Let your rails be +/-90V... That makes 180Vdc...
No bleed resistors...
Now, turn on your amplifier... And turn off it...
Wait 5 seconds...
:att'n: If you touch with your fingers on those rails :att'n:
ZZZTT!!.... You're ash!...
With bleeder's, those 180Vcd rails rapidly went to 0V (zero)...

My 2 cents...
 
audioDIYer said:
One tip...
Let your rails be +/-90V... That makes 180Vdc...
No bleed resistors...
Now, turn on your amplifier... And turn off it...
Wait 5 seconds...
:att'n: If you touch with your fingers on those rails :att'n:
ZZZTT!!.... You're ash!...
With bleeder's, those 180Vcd rails rapidly went to 0V (zero)...

My 2 cents...


When I work on a P/S, I usually unplug the amp while its playing; but, I always drain the caps with a 50 ohm wirewound resistor anyway.

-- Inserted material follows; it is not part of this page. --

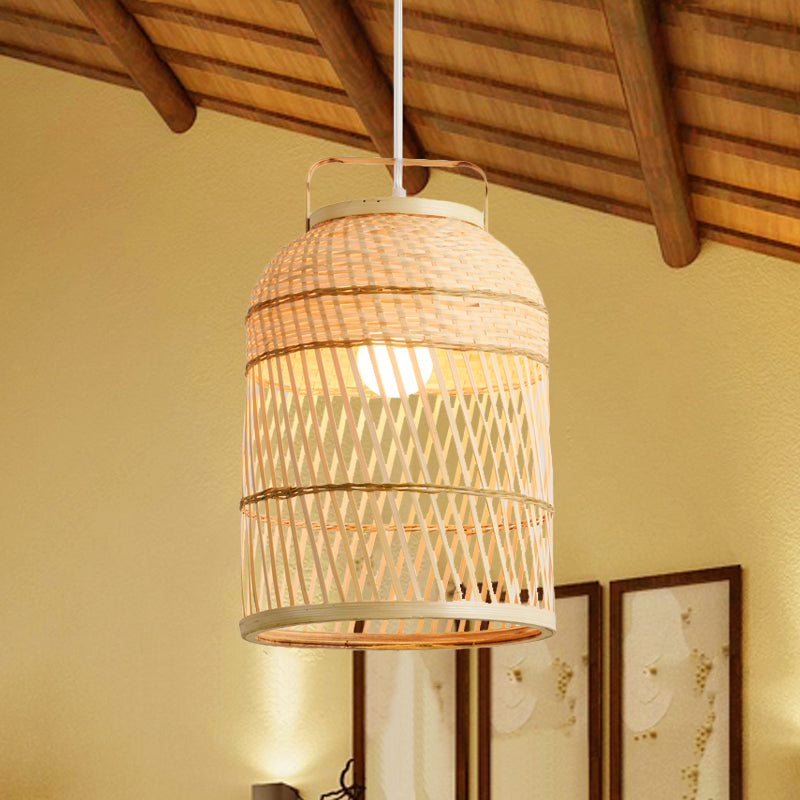 Rustic Bamboo Bird Cage Pendant Lamp With Handle - 1-Bulb Ceiling Hanging Light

One big surprise, though. Really old caps, even after draining them, can, hours later, mysteriously regain a charge. So, before you stick your hand in that spare parts box, bear in mind that you could be reaching for a really inappropriate coffee subsitute.
 
I don't understand why this should be any more complicated than a 5k-10k bleeder soldered across each rail. It takes a while for the PSU to discharge, but at least you can be certain that when you come back to your amp a week later it's not saving a surprise for you.

If it is too slow, then you can use a 50-100 ohm to speed up the process when you are doing work on the amp.

Am I missing something?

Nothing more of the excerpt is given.